Non lasciare che i migliori diventino nemici dei buoni.

Domande frequenti sugli OKR

  • Ogni dipendente dovrebbe possedere OKR?

➜ Se un dipendente ha un grado di autonomia per decidere su cosa dovrebbe lavorare, dovrebbe possedere OKR. In caso contrario, non dovrebbero possedere OKR individuali ma dovrebbero contribuire agli OKR di squadra. Possono ancora possedere OKR di apprendimento o di autosviluppo.

  • Come monitorare e valutare gli OKR?

➜ Gli obiettivi possono essere tracciati contrassegnandoli come — “In pista”, “Dietro” o “A rischio”. I risultati chiave possono essere contrassegnati come “Completi/Incompleti”, “Sì/No” o come percentuale di completamento. Alla fine del trimestre, dovresti riflettere sull’obiettivo generale e segnarlo.

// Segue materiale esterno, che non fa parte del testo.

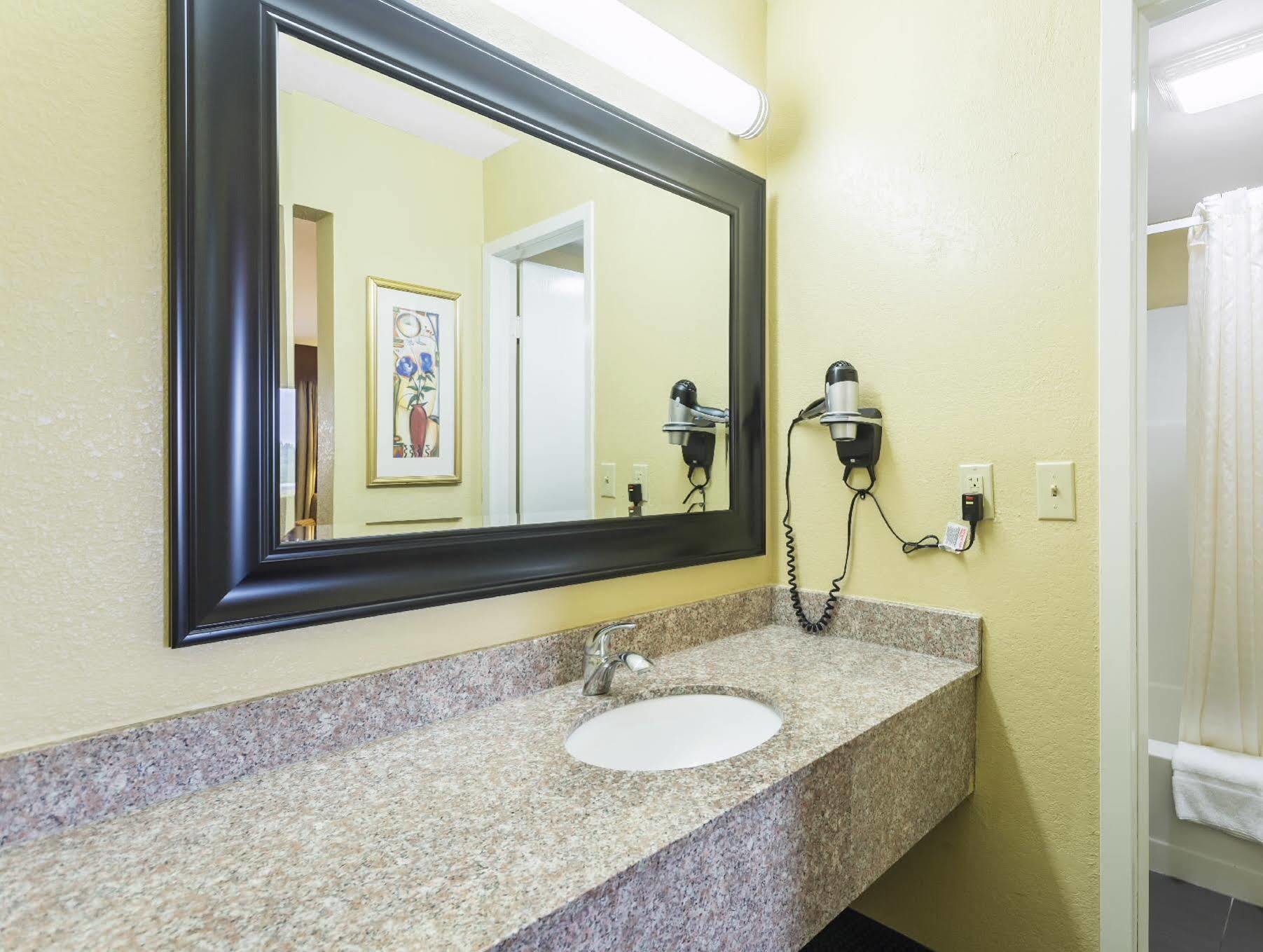 Econo Lodge White Pine Morristown I-81 & I-40 Split エクステリア 写真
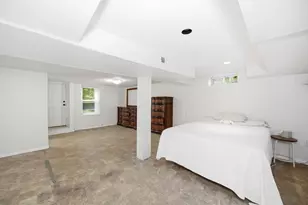 616 Cooley St, Springfield, MA 01128 - Photo 24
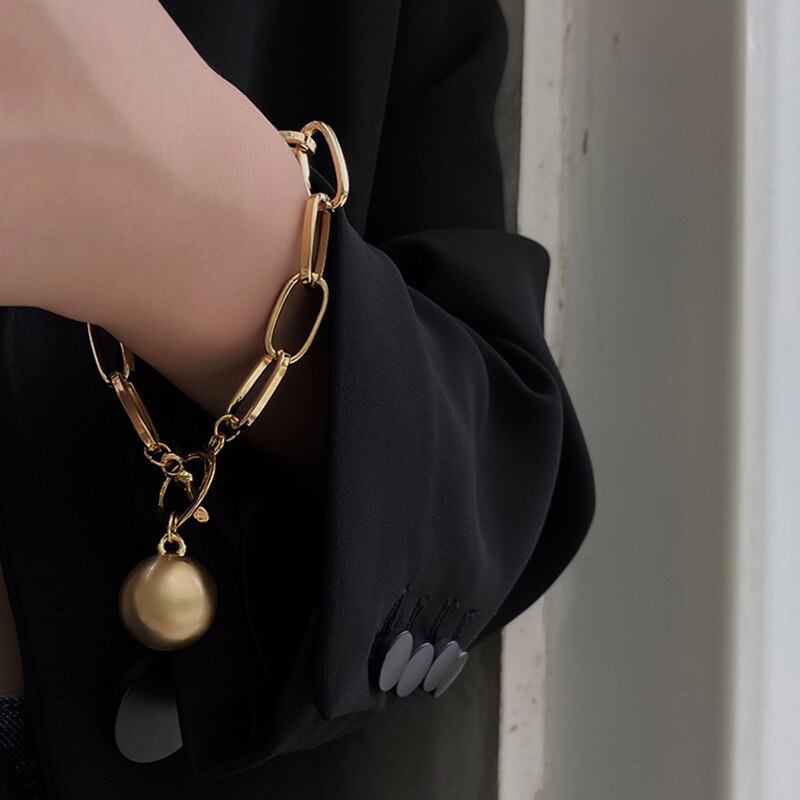 CHAIN FLAIR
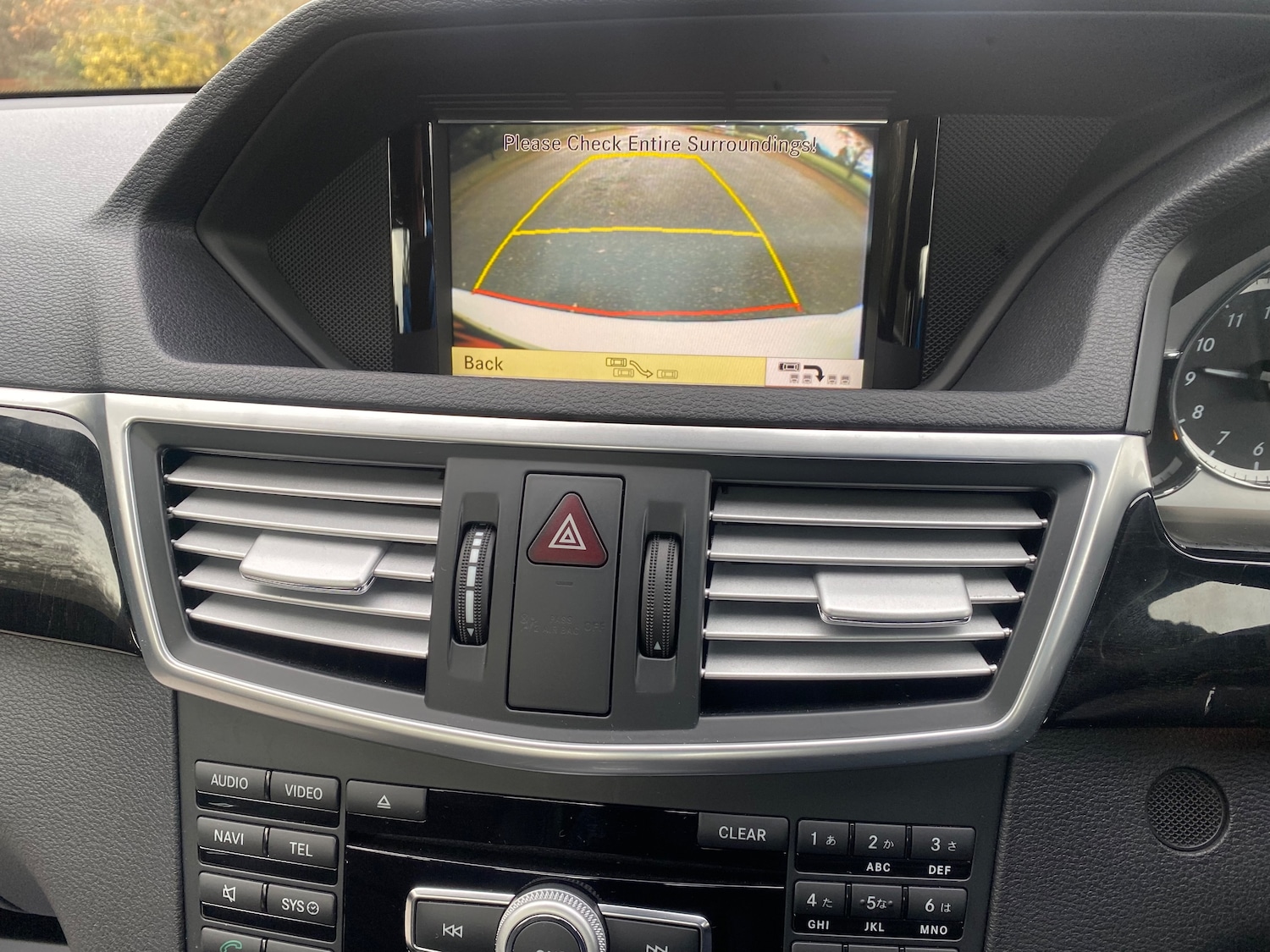 Used Mercedes-Benz E Class 2012 for sale - 76888939: Photo 21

  • Possiamo avere OKR sia annuali che trimestrali?

➜ Sì, puoi. Se disponi di OKR sia annuali che trimestrali, alcuni dei tuoi KR dell’obiettivo annuale potrebbero diventare OKR trimestrali. Oppure potresti avere 1-2 OKR annuali incentrati su priorità a lungo termine e indipendenti dagli OKR trimestrali. John Doerr, autore del libro “Measure What Matters”, afferma: “La migliore cadenza OKR è quella che si adatta al contesto e alla cultura della tua attività”.

  • Possiamo avere solo OKR annuali?

➜ In genere si consiglia di disporre di OKR trimestrali per mantenere l’attenzione sull’esecuzione, sul progresso continuo e sul feedback. Anche se disponi di OKR annuali, dovresti avere un punteggio obbligatorio dei tuoi OKR annuali ogni trimestre.